+++ DATA SECTION +++
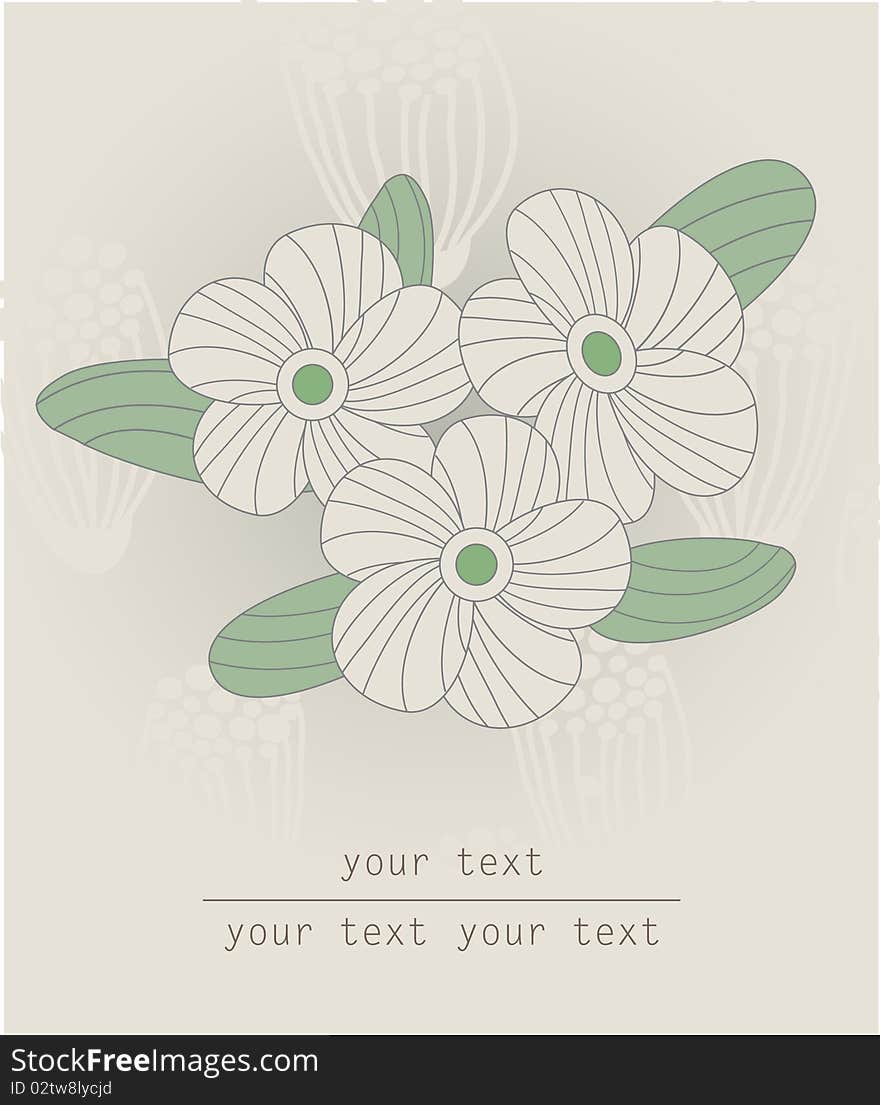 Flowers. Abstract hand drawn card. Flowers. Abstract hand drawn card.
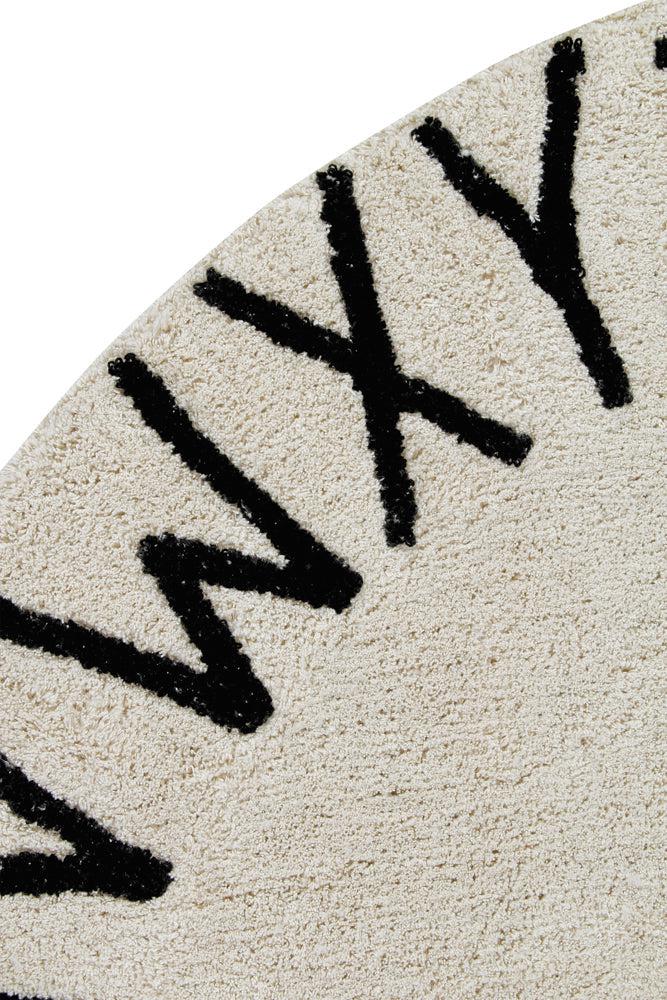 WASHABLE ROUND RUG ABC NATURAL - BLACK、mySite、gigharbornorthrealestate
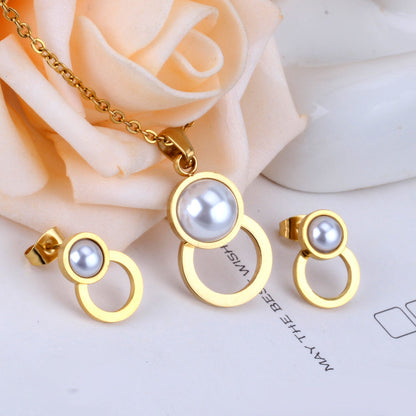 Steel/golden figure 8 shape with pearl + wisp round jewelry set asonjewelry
+++
AIM OF THE EXERCISE.
Would you reproduce the listing above exactly, without any of its images?

YOUR SOLUTION.
 Flowers. Abstract hand drawn card. Flowers. Abstract hand drawn card.
 WASHABLE ROUND RUG ABC NATURAL - BLACK、mySite、gigharbornorthrealestate
 Steel/golden figure 8 shape with pearl + wisp round jewelry set asonjewelry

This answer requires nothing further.